_Try it_
Nothing outside the range is to be copied. From the entries below, reproduce exactly the lines starting at the one with "ITV handout photo" and ending at the one with "157 - GARDEN", without pictures.

=== Record excerpts ===

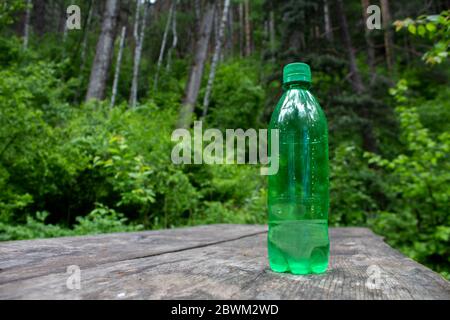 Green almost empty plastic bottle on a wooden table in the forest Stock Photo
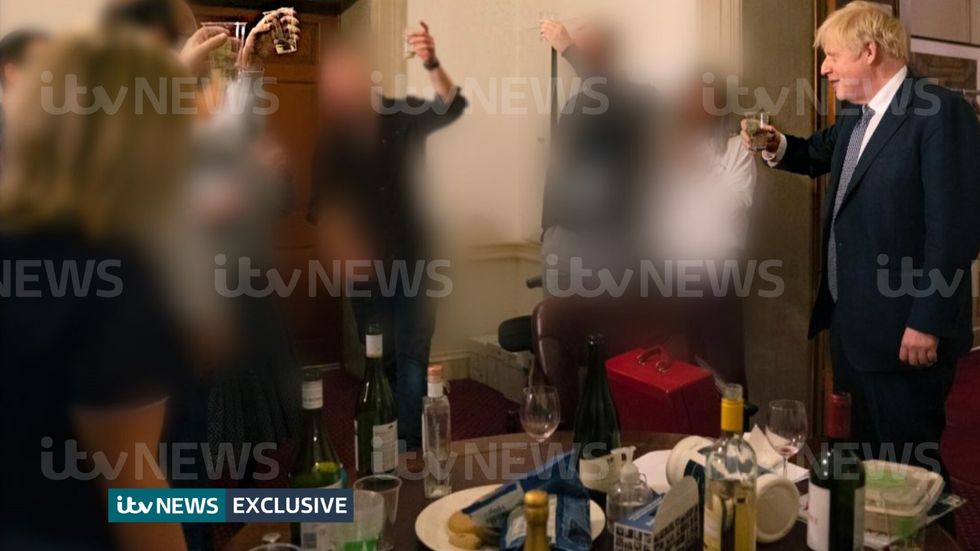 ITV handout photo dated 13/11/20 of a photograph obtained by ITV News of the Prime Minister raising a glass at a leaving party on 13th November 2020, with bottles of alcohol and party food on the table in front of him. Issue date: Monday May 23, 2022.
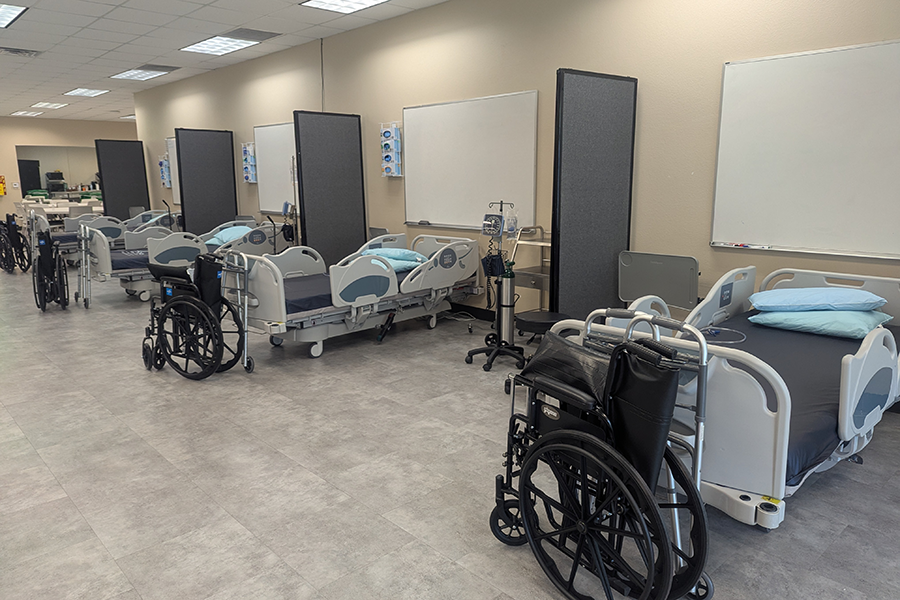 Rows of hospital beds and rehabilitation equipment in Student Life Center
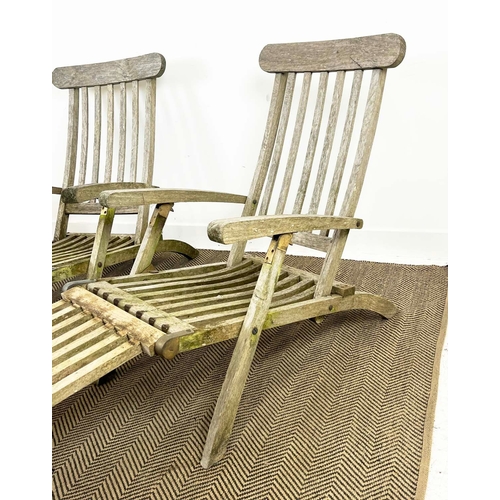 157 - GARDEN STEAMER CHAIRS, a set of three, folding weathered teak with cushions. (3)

===
=== Record excerpts ===

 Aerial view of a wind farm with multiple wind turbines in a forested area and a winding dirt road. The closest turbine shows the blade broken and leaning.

===

_Reply_
 ITV handout photo dated 13/11/20 of a photograph obtained by ITV News of the Prime Minister raising a glass at a leaving party on 13th November 2020, with bottles of alcohol and party food on the table in front of him. Issue date: Monday May 23, 2022.
 Rows of hospital beds and rehabilitation equipment in Student Life Center
 157 - GARDEN STEAMER CHAIRS, a set of three, folding weathered teak with cushions. (3)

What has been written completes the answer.